Numerical modelling and optimization of CdS/CdTe solar cell with incorporation of Cu2O HT-EBL layer

In the recent years, use of CdTe thin-film as an absorber in solar cells has been augmented significantly due to high device efficiency, stability in the performance and cost effectiveness. In this work, CdTe solar cell has been investigated employing 2-dimensional numerical simulations using TCAD Silvaco-Atlas simulator. Initially, a reference structure of FTO/i-SnO2/CdS/CdTe solar cell was simulated based on experimental data for the validity of the simulation and the extent to which present results agree to the experimental data.
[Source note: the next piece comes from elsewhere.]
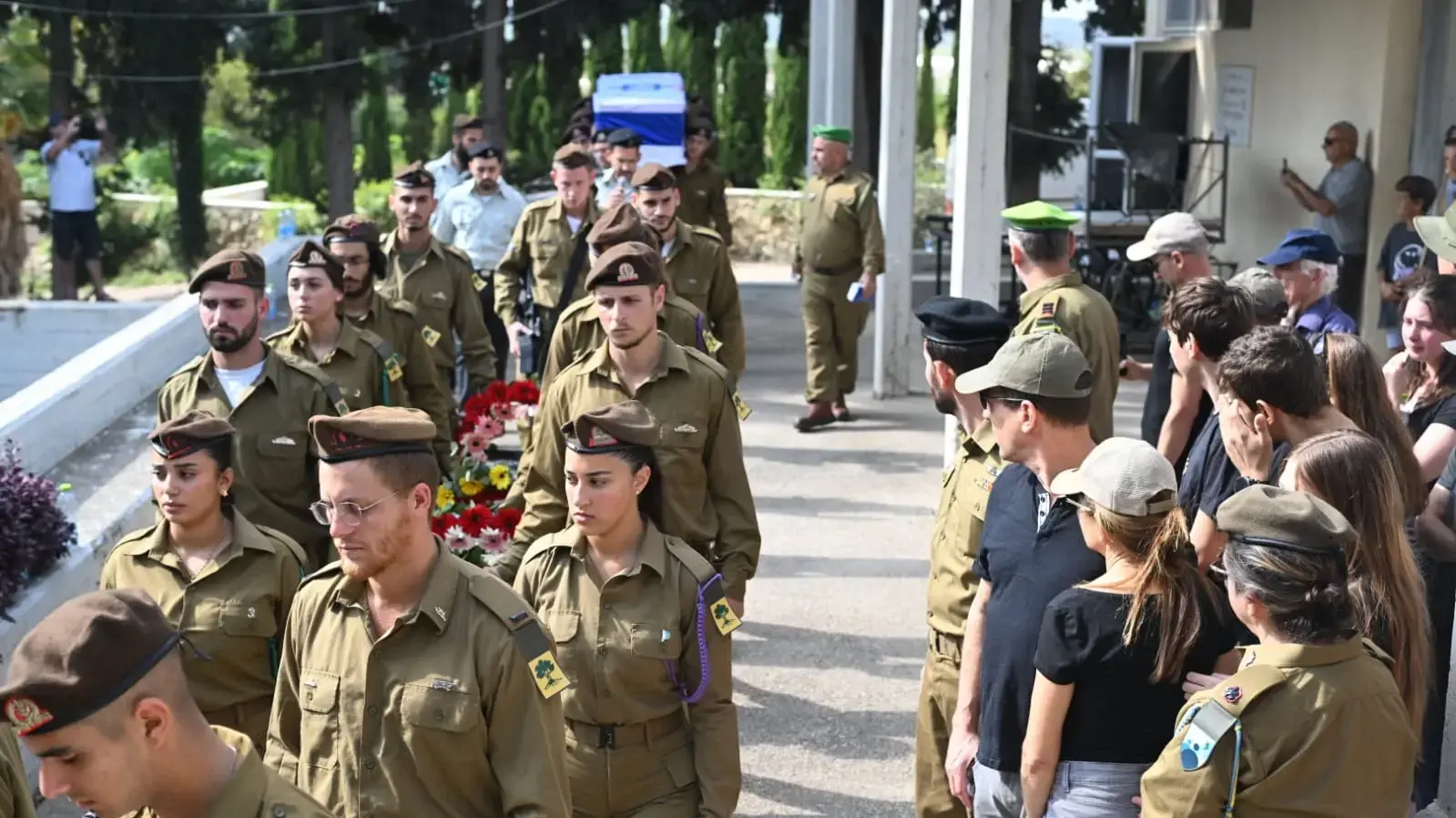 הלווית יואב אגמון הלווית יואב אגמון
To reduce the minority carrier recombination loss, a new structure is proposed by incorporation of the cuprous oxide (p-type Cu2O) layer at back-contact as a hole transport-electron blocking layer (HT-EBL). High performancehas been obtained by optimizing the cell parameters in terms of thickness, doping concentration and carrier lifetime. The efficiency of the structure is increased by 10.35% compared to the recent experimental results. Furthermore, the proposed structure consists of FTO/i-SnO2/CdS/CdTe/Cu2O presents the best conversion efficiency of 24.35%, short-circuit current density of 27.59 mA/cm2, open-circuit voltage of 1.03 V and fill-factor of 85.83%, under the air mass 1.5 global spectrum (AM1.5G). [Display omitted] •A new CdS/CdTe/Cu2O solar cell structure is proposed to reach high efficiency values for reliable applications.•The optimal values of the doping concentration, the thickness and the carrier lifetime for each layer have been calculated.•An optimized cell has been done by incorporating the optimal parameters for each layer.•Using Cu2O HT-EBL layer, an optimum efficiency up to 24.35% has been obtained for optimized cell structure.